六角義賢 | 信長に2日で城を奪われても消えなかった男

目次

はじめに

1568年9月、織田信長の上洛軍は近江の守護大名・六角義賢の本拠地・観音寺城をわずか1〜2日で攻略しました。
圧倒的な兵力差の前に、六角父子は夜陰に紛れて逃亡します。
しかし六角義賢は消えませんでした。
甲賀衆とゲリラ戦を展開し、最終的には弓術の達人として豊臣秀吉に仕え、78歳まで生き続けた——「負けても消えなかった男」の生涯を紐解きます。

note(ノート)
六角義賢(承禎) | 信長に最後まで抗い続けた近江の知将|hiro | ゆる歴史かわら版 はじめに 「負けても勝った名門大名」――そんな言葉で語られる武将が、戦国時代の近江にいました。 六角義賢(ろっかくよしかた)、法名・承禎(じょうてい)。 近江南部を...

目次

  1. 六角氏とはどんな家か
  2. 楽市と城割——先進的な統治の足跡
  3. 観音寺騒動——家中崩壊の始まり
  4. 六角氏式目——大名権力を縛った法
  5. 信長に2日で敗れる
  6. ゲリラ戦と晩年の生き様
  7. まとめ

1. 六角氏とはどんな家か

六角氏は宇多源氏・佐々木氏の嫡流で、鎌倉時代から近江国(現在の滋賀県)南部の守護を代々務めた名門です。
義賢の父・六角定頼の代には北近江の浅井氏を従え、将軍・足利義晴を近江に受け入れて保護するなど、室町幕府の「影の番人」的役割を担っていました。

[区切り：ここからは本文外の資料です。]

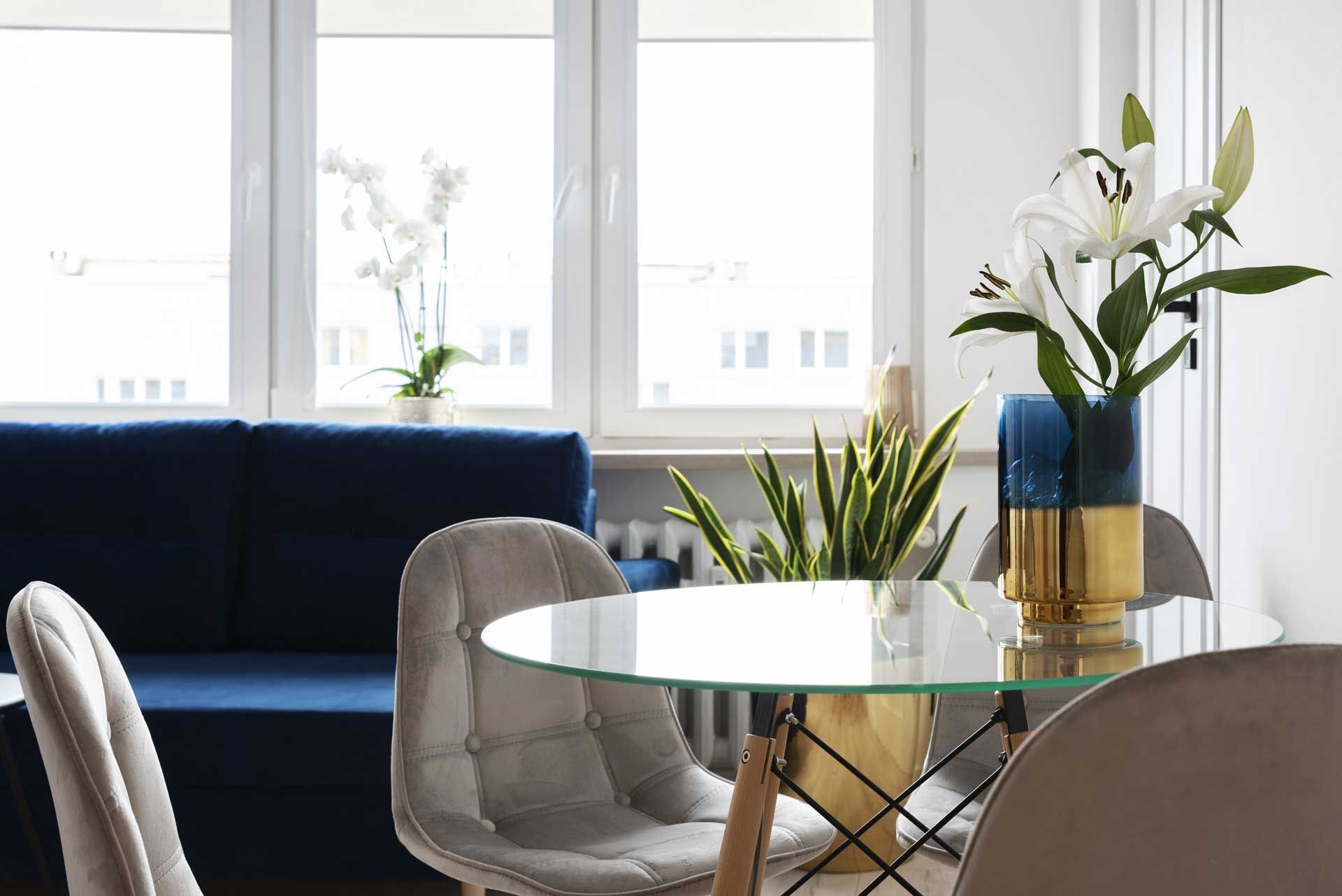 Bright living room with navy sofa, glass table, and white lilies by the window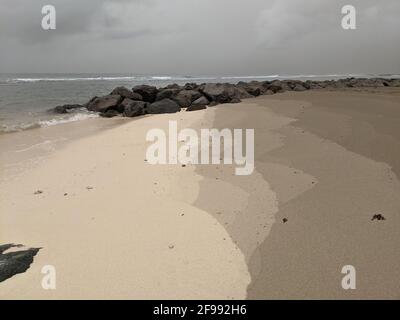 Ash on the sand of a Barbados beach from the volcanic eruption of Saint Vincent and Grenadines La Soufrière. Stock Photo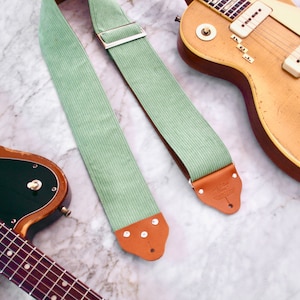 Op de afbeelding: Twee elektrische gitaren met een groene gitaarband. De band heeft een bruin leren uiteinde met de tekst "The Strap Shop" erop.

義賢(1521年生まれ)は1552年に家督を継ぎ、後に出家して「承禎(しょうてい)」と号します。
近江国の本拠・観音寺城(繖山、標高432.9m)は、城域約259万㎡・石垣948か所が確認された大規模山城で、1982年に国史跡に指定されています。

2. 楽市と城割——先進的な統治の足跡

六角氏の統治には、後世に先駆ける政策が二つありました。

楽市の導入(1549年)
観音寺城下の石寺新市において、座(ギルド)の独占権を廃して自由な商取引を認めた「楽市」の記録は、「楽市」の語が確認できる日本最古の文献とされます。
織田信長の楽市令(1567年)より約18年前のことです。

城割の実施(1523年)
義賢の父・定頼は「惣国に城郭停止」を命じ、家臣の居城を破却して観音寺城に集住させました。
文献上確認できる日本初の「城割」で、後の豊臣秀吉による一国一城令の先駆けとも評されます。

3. 観音寺騒動——家中崩壊の始まり

1563年(永禄6年)、義賢の嫡男・六角義治が家中随一の人望を持つ宿老・後藤賢豊父子を観音寺城内で殺害する「観音寺騒動」が起きました。
動機は一次史料から確認できておらず、未確認です。

家臣団は猛反発して反乱を起こし、義賢・義治父子は城を逃れます。
蒲生定秀らの調停でおよそ20日後に復帰しましたが、六角氏の求心力は致命的に低下しました。

4. 六角氏式目——大名権力を縛った法

1567年(永禄10年)、六角氏は全67条の分国法「六角氏式目」を制定します。
この法典の特徴は、他の分国法(今川仮名目録・甲州法度次第など)が大名権力を強化する内容であったのに対し、六角氏式目は「大名の恣意的な権力行使を禁じる」方向であった点です。
当主と家臣約20名が相互に起請文を取り交わすという双務的な契約で、英語圏では「戦国期のマグナ・カルタ」とも呼ばれます。
ただし、合議制の明文化は有事の迅速な意思決定を妨げる副作用をもたらし、それが後の信長戦での敗因の一つにもなりました。

5. 信長に2日で敗れる

1568年9月、信長は足利義昭を奉じて上洛を開始しました。
六角方は約1万〜1万1000の兵で抵抗しましたが、対する信長方は推定5〜6万。
信長は3隊に分割して同時攻撃を展開し、木下秀吉(後の豊臣秀吉)が主攻の箕作城を夜のうちに陥落させます。
和田山城の守備隊は一戦も交えず逃走、義賢は翌朝には甲賀へ逃亡し、観音寺城はもぬけの殻となりました。
18の支城のうち17城が降伏しています。

6. ゲリラ戦と晩年の生き様

本拠地を失った後も、義賢の抵抗は続きました。
甲賀衆と連携してゲリラ戦を展開し、浅井・朝倉・石山本願寺(顕如)との連携による「信長包囲網」の一角も担います。
1574年(天正2年)4月、最後の拠点・石部城が落ちて組織的抵抗は終結しましたが、義賢は生き続けました。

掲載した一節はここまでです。